Standard error estimate(s) are shown in the fourth column and were obtained by a bootstrap procedure (1000 replicates). The ten most divergent genes are shown in part A, while the ten most conserved genes are listed in part B.

https://doi.org/10.1371/journal.pone.0187199.t005

The matK and ndhF genes are well known to have high divergence and thus have been used in plant phylogenetic studies of various groups [62]. Most angiosperms appear to contain an intact chloroplast infA gene, which codes for translation initiation factor 1. We also observed intact infA genes in our alignment but sequences were prone to numerous SNPs accountable for the higher divergence of this gene. However, recent phylogenetic analyses show that chloroplast infA has been lost repeatedly during angiosperm evolution and the gene has been transferred at least four times to the nuclear genome independently [58]. The divergence of the accD was caused by partial deletion in several members of the Poales, which was also reported earlier [59].
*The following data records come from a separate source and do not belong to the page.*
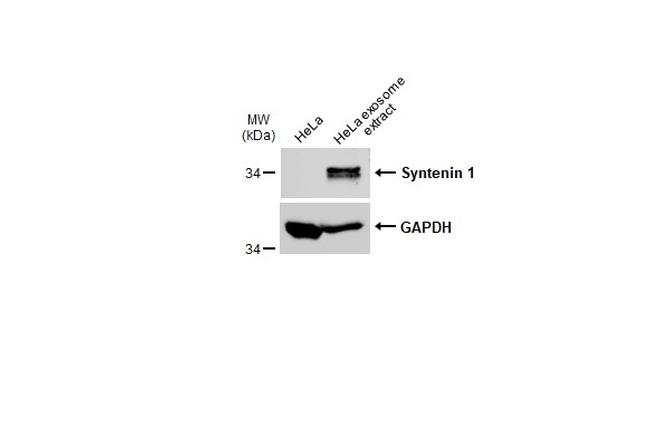 Syntenin 1 Antibody in Western Blot (WB)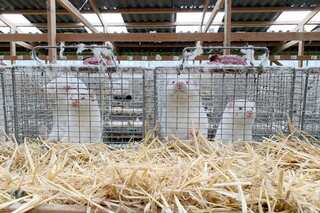 Denmark says mutated coronavirus from mink farms 'most likely eradicated'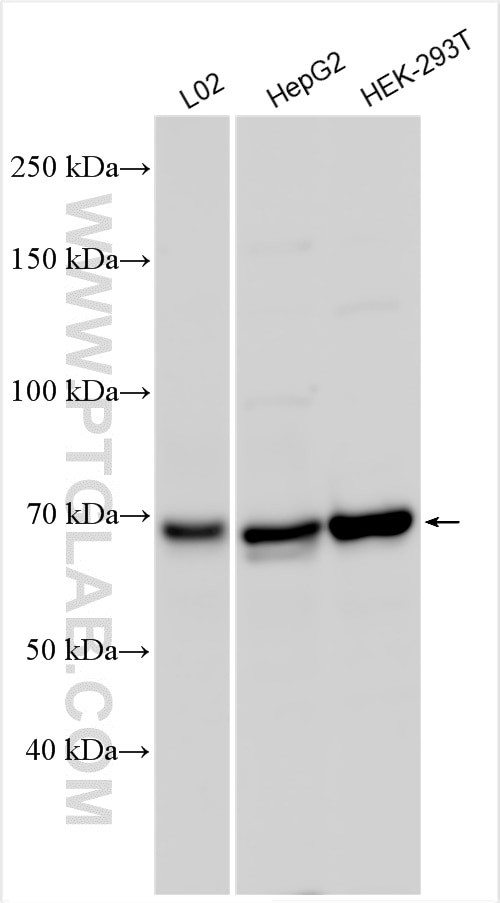 POLL Antibody in Western Blot (WB)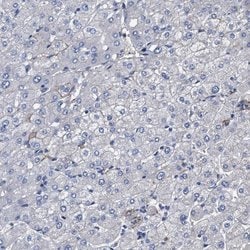 Invitrogen KLHL41 Polyclonal Antibody 100 &mu;L; Unconjugated:Antibodies,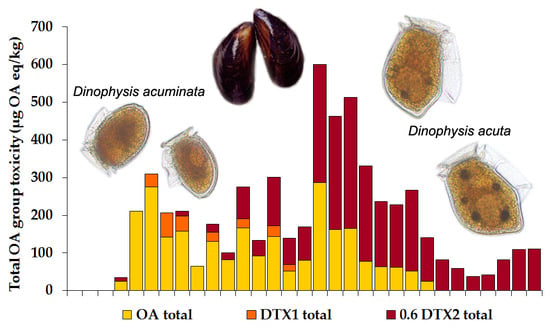 Toxins Free Full Text Dinophysis Acuta In Scottish Coastal Waters And Its Influence On Diarrhetic Shellfish Toxin Profiles Html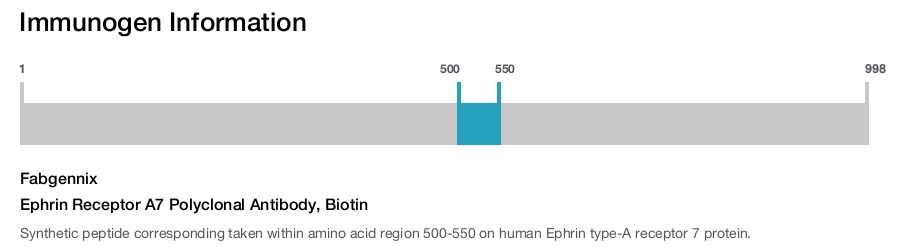 Ephrin Receptor A7 Polyclonal Antibody, Biotin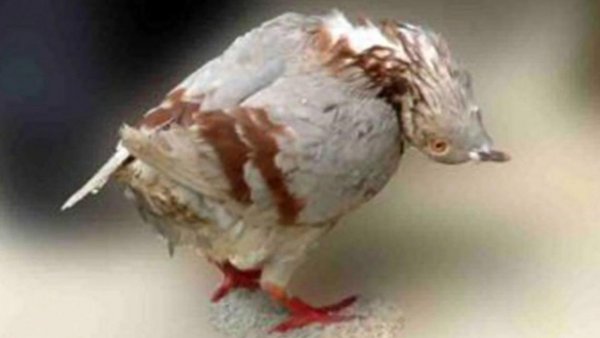Alerta por virus que provoca que palomas "se conviertan en zombies" en Reino Unido
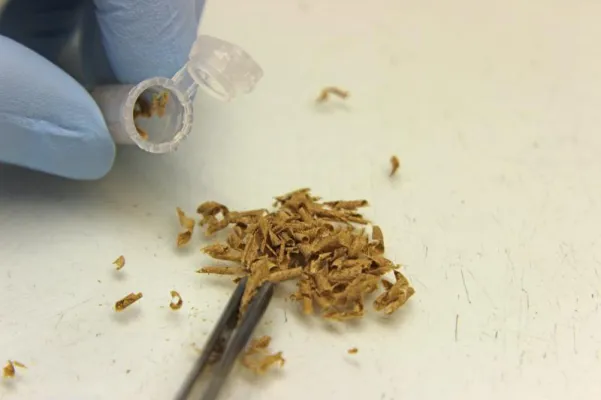 Bild: Illegal geschlagenes Holz in Alltagsprodukten aufspüren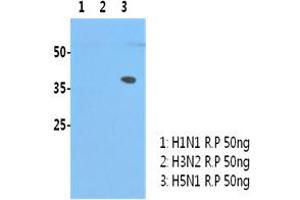 H5N1/HA1 recombinant protein (50ng) were resolved by SDS-PAGE, transferred to PVDF membrane and probed with anti-human H5N1/HA1 antibody (1:3000). (Influenza Hemagglutinin HA1 Chain anticorps (Influenza A Virus H5N1))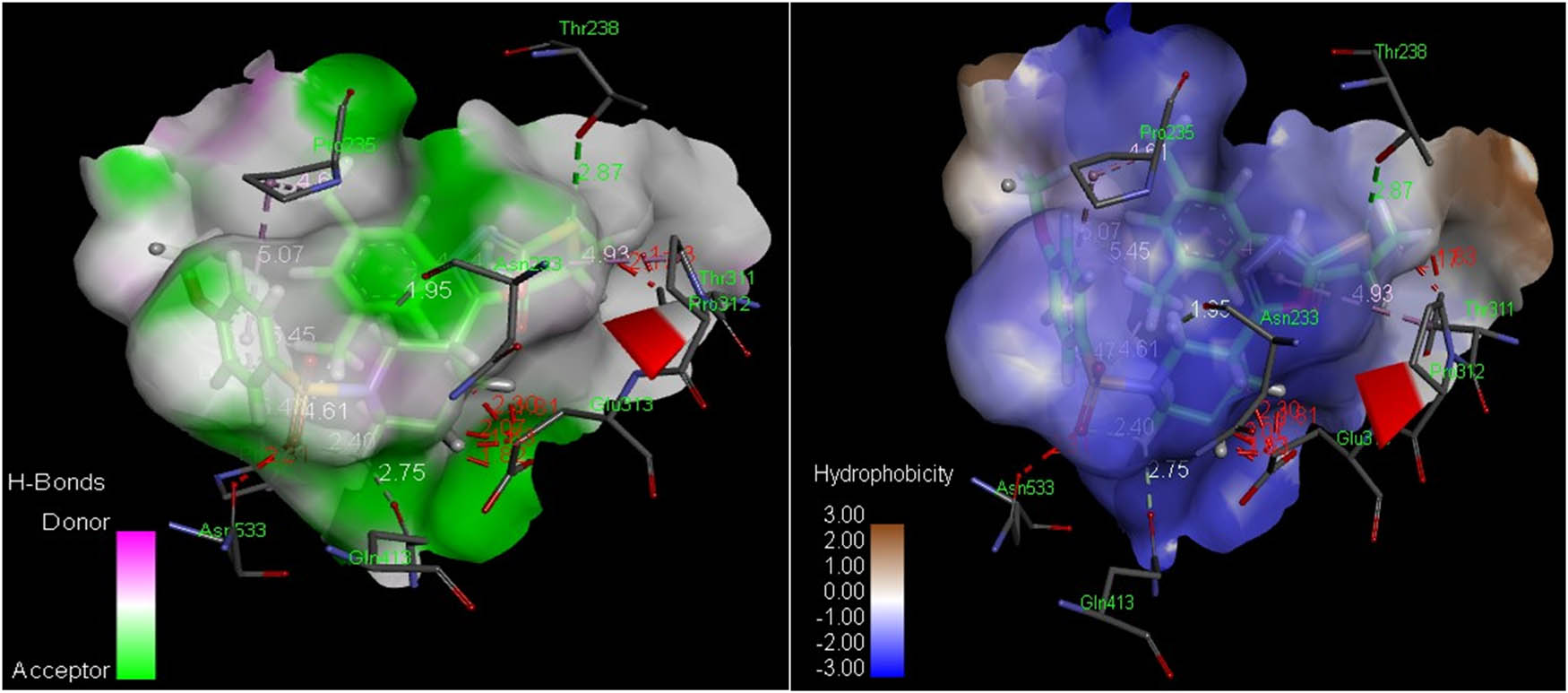 Figure 8 
                     Analyses of H-bonds (left) and hydrophobic interactions (right) of compound 8e. The blue color in the hydrophobic contacts (right) shows favorable structural elements (atoms and torsions) contributing to the overall binding energy within the AChE protein hotspot (PDB ID: 4m0e); the pink one is unfavorable, and the white one is neutral.
                  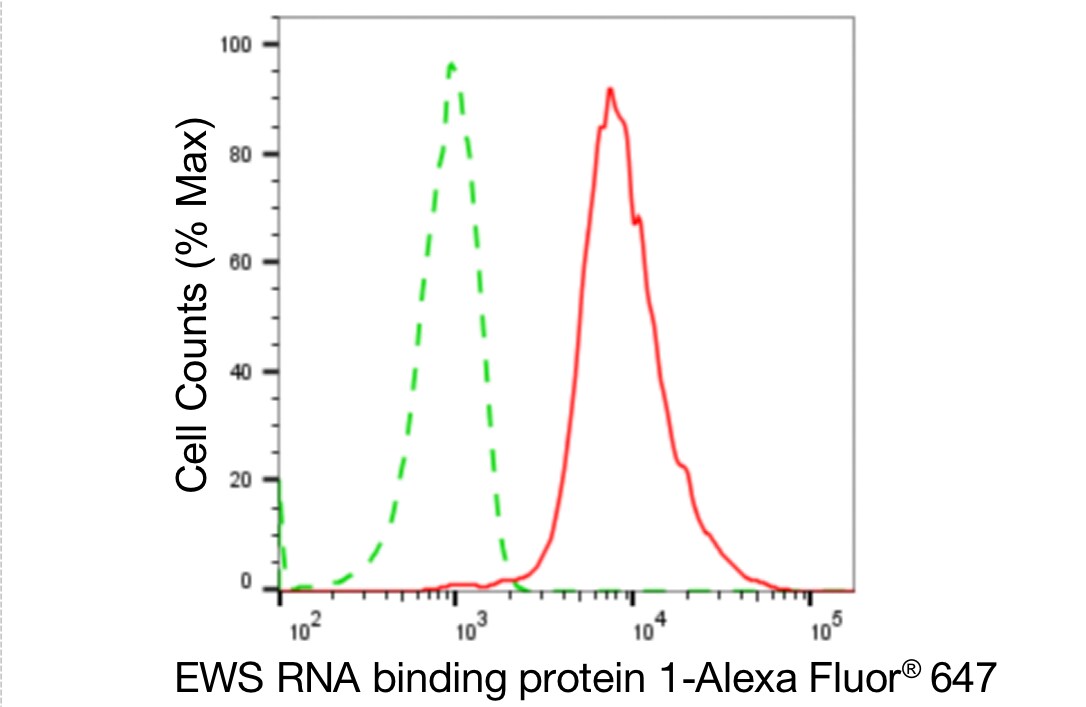 EWSR1 Antibody (24GB5385)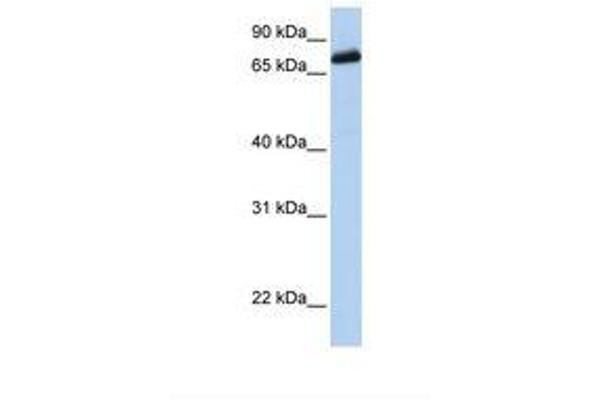 LRCH4 antibody  (AA 290-339)
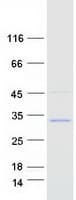 Human DUSP19 / SKRP1 Protein (Recombinant Myc-DDK (Flag))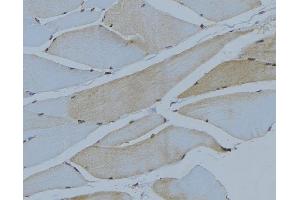 ABIN6275045 at 1/100 staining Mouse muscle tissue by IHC-P. (ATG4C antibody  (N-Term))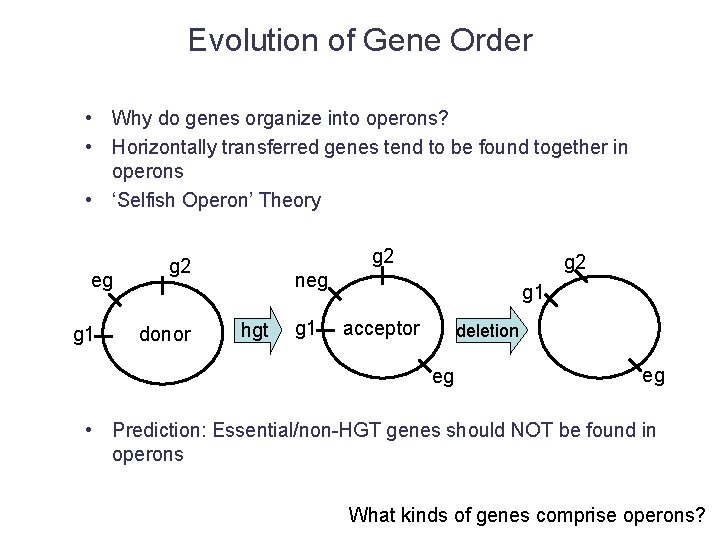 Evolution of Gene Order • Why do genes organize into operons? • Horizontally transferred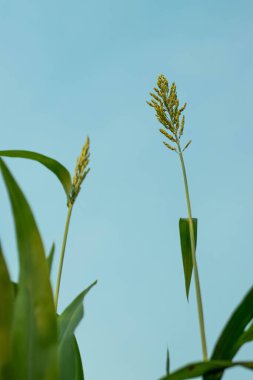 Mavi gökyüzü beyaz bulut mısır bitkisinin arkasında. Bir mısır bitkisi, buğday olarak depolanan karbonhidratlar, protein ve yağ üretmek için güneş ışığını bir enerji kaynağı olarak kullanır..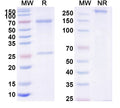 SDS-PAGE for Human IgD, kappa Isotype Control antibody (HyHEL-10)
Comparison with other Poales

We selected ten chloroplast genomes for detailed comparison representing clades of Poales coupled with outgroup taxa (Fig 2). Our selection focused on general comparison of bromeliads with currently available Poales (accessed from GenBank 7.7.2016) rather than a detailed analyses of plastid genomes in the Graminid clade. In our comparison the size of the plastid genomes varied between 134,545 bp (Triticum aestivum) to 161,572 bp (Typha latifolia) (Table 6). Among the selected plastid genomes gene content and order were conserved. Epiphytic lifestyle seem not to be associated with any gene loss in Tillandsia usneoides. Bromeliads have maintained similar features of gene organizations with five major differences relative to the graminids.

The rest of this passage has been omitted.